A zero-cost orphan blocks deletion. An unattached disk or a retained snapshot keeps a parent resource group or volume from being torn down, so cleanup of the expensive thing stalls behind the free thing. A zero-cost orphan widens the attack surface. An orphaned security group, a dangling DNS record, or an unused access key is a 0 line item and an open door at the same time. And a zero-cost orphan is latent spend. A disk outside a free tier, a snapshot aging toward a billed retention class, or an IP that starts charging the moment it reattaches all flip from 0 to billed without anyone touching them.
| Orphan class | Bills today | Why it still matters at 0 |
|---|---|---|
| Unattached disk or volume | 0 or free tier | Blocks parent deletion, starts billing once tier limits pass |
| Reserved public IP, unassociated | 0 while held | Charges the moment it attaches or the grace window closes |
| Orphaned security group or firewall rule | 0 | Open path with no owner, a standing audit finding |
| Stale snapshot in retention | 0 in window | Rolls into a billed retention class on schedule |
| Dangling DNS record | 0 | Subdomain takeover surface, points at nothing |
Rank these by today’s bill and every row scores 0. Rank them by liability and every row earns action. That is the gap our cloud governance guardrails are meant to catch, not just the spend.
Thirteen rules across AWS and Azure widen the net to the long tail
The release adds 13 rules. They run across both AWS and Azure, and they now include the free and zero-cost classes above, not only the resources with an obvious price tag.
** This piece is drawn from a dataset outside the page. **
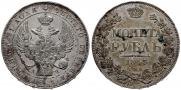 1 rouble 1843 year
Two clouds matters here because orphan shapes differ by provider. An unattached managed disk in Azure and an available EBS volume in AWS are the same liability with different APIs and different free-tier rules. Detecting both from one rule set means the long tail gets one consistent policy instead of two half-built ones.
I will be honest about what we do not publish. The release notes do not include per-rule false-positive rates or a recovered-spend figure, and inventing one would be dishonest. The measurable claim is the count and the coverage: 13 rules, AWS and Azure, free orphans now in scope.
Auto-remediation closes the loop, because a finding that waits on a ticket is not remediated
Detection without action is a longer list. The point of auto-remediation is that the loop acts on its own: it detects the orphan, decides against a policy, acts to remove or release it, then verifies the result. No engineer opens a cleanup ticket, so the act step never sits in a queue behind a sprint board.
Ticket queue time is where free orphans die. A 0 finding never wins prioritization against a feature, so it ages in a backlog forever. Removing the human dispatch step is the whole mechanism. This is the same detect, decide, act, verify shape behind auto-remediating pod crashloops before the on-call pages.

The verify step is the guardrail. If the action did not produce the expected state, the loop holds rather than charging ahead, which keeps a bad rule from cascading. The same instinct drives our blast radius check before any autonomous action runs.
Turn it on for safe classes first, because blast radius is the constraint, not detection
Auto-remediation works when the orphan class is unambiguous and reversible. Unattached IPs, dangling DNS records, and clearly idle disks are safe starting classes, because the decision is mechanical and the action is cheap to undo.
It breaks when the class is ambiguous. A disk detached for an in-flight migration looks identical to an abandoned one, so an over-eager rule deletes live data. The fix is policy, not faith: keep ambiguous classes on a hold-for-review branch and let only the safe classes act automatically. Start narrow, watch the verify step, and widen the auto path as each rule earns trust.